(REQUIRED WORK): Set down, character for character, everything in the records below from the line holding "Calice in Vetro" down to the line holding "Солнцезащитные очки женские", and no other line.

[[ INFORMATION, beginning ]]

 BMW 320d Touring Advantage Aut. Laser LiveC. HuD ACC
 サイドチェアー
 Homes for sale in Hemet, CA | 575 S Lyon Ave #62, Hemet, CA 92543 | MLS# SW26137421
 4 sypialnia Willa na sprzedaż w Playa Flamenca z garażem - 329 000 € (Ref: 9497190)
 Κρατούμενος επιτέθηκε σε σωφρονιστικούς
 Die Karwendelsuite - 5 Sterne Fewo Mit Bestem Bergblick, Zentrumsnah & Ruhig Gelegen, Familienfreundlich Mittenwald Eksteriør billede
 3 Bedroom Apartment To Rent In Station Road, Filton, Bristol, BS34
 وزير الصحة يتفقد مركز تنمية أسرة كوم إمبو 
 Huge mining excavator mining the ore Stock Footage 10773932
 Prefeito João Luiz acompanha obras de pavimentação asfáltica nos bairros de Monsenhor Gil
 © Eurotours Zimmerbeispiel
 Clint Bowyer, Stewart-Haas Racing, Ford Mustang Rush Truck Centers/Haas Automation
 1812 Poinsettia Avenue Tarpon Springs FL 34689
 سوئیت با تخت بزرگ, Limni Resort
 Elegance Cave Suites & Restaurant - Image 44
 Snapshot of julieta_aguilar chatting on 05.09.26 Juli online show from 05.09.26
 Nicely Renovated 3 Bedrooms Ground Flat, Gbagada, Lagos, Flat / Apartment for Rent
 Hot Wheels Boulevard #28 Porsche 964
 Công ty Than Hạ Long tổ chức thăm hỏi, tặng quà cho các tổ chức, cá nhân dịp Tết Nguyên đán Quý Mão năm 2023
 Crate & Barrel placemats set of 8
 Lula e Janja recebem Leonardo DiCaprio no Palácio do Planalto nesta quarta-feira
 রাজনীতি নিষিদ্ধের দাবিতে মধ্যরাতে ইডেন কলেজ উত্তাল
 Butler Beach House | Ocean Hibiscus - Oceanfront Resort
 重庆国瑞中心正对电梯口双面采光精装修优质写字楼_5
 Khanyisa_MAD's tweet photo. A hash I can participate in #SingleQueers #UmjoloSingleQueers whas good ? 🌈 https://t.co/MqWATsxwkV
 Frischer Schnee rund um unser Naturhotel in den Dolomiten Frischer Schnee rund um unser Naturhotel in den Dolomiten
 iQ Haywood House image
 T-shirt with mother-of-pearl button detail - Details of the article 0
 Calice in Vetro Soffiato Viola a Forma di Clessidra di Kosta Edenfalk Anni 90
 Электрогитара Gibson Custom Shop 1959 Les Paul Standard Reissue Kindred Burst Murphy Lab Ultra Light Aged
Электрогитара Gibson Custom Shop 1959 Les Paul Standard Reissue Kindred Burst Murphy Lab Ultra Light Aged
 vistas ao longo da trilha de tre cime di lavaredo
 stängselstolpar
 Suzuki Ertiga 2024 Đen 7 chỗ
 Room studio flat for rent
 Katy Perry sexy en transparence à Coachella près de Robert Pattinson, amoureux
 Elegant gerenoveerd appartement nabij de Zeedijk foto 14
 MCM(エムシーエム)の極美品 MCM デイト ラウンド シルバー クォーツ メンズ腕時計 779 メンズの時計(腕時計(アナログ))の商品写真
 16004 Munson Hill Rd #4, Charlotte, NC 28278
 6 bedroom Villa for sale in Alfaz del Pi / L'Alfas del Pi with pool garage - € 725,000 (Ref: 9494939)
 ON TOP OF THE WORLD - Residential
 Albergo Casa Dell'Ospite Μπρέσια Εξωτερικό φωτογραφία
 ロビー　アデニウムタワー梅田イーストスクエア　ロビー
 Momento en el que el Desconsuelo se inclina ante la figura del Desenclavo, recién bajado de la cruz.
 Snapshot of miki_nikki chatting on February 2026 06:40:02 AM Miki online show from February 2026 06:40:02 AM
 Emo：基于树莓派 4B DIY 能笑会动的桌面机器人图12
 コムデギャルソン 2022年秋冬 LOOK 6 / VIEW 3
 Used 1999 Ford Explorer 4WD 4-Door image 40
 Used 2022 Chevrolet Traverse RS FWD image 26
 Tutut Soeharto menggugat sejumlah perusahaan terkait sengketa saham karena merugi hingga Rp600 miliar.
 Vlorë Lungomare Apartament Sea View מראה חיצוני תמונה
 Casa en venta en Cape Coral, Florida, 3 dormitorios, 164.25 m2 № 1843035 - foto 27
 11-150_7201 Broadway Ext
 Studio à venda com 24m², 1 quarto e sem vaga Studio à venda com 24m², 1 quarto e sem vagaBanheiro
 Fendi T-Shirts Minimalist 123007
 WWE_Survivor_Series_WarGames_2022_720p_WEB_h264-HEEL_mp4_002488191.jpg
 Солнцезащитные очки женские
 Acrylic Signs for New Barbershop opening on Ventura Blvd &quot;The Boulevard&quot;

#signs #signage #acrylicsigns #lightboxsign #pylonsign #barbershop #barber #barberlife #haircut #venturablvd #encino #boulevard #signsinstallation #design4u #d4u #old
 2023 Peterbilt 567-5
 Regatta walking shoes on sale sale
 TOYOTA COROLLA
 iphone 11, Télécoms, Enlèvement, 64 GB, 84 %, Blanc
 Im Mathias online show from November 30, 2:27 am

[[ INFORMATION, end ]]

(COMPLETED EXERCISE):
 Calice in Vetro Soffiato Viola a Forma di Clessidra di Kosta Edenfalk Anni 90
 Электрогитара Gibson Custom Shop 1959 Les Paul Standard Reissue Kindred Burst Murphy Lab Ultra Light Aged
Электрогитара Gibson Custom Shop 1959 Les Paul Standard Reissue Kindred Burst Murphy Lab Ultra Light Aged
 vistas ao longo da trilha de tre cime di lavaredo
 stängselstolpar
 Suzuki Ertiga 2024 Đen 7 chỗ
 Room studio flat for rent
 Katy Perry sexy en transparence à Coachella près de Robert Pattinson, amoureux
 Elegant gerenoveerd appartement nabij de Zeedijk foto 14
 MCM(エムシーエム)の極美品 MCM デイト ラウンド シルバー クォーツ メンズ腕時計 779 メンズの時計(腕時計(アナログ))の商品写真
 16004 Munson Hill Rd #4, Charlotte, NC 28278
 6 bedroom Villa for sale in Alfaz del Pi / L'Alfas del Pi with pool garage - € 725,000 (Ref: 9494939)
 ON TOP OF THE WORLD - Residential
 Albergo Casa Dell'Ospite Μπρέσια Εξωτερικό φωτογραφία
 ロビー　アデニウムタワー梅田イーストスクエア　ロビー
 Momento en el que el Desconsuelo se inclina ante la figura del Desenclavo, recién bajado de la cruz.
 Snapshot of miki_nikki chatting on February 2026 06:40:02 AM Miki online show from February 2026 06:40:02 AM
 Emo：基于树莓派 4B DIY 能笑会动的桌面机器人图12
 コムデギャルソン 2022年秋冬 LOOK 6 / VIEW 3
 Used 1999 Ford Explorer 4WD 4-Door image 40
 Used 2022 Chevrolet Traverse RS FWD image 26
 Tutut Soeharto menggugat sejumlah perusahaan terkait sengketa saham karena merugi hingga Rp600 miliar.
 Vlorë Lungomare Apartament Sea View מראה חיצוני תמונה
 Casa en venta en Cape Coral, Florida, 3 dormitorios, 164.25 m2 № 1843035 - foto 27
 11-150_7201 Broadway Ext
 Studio à venda com 24m², 1 quarto e sem vaga Studio à venda com 24m², 1 quarto e sem vagaBanheiro
 Fendi T-Shirts Minimalist 123007
 WWE_Survivor_Series_WarGames_2022_720p_WEB_h264-HEEL_mp4_002488191.jpg
 Солнцезащитные очки женские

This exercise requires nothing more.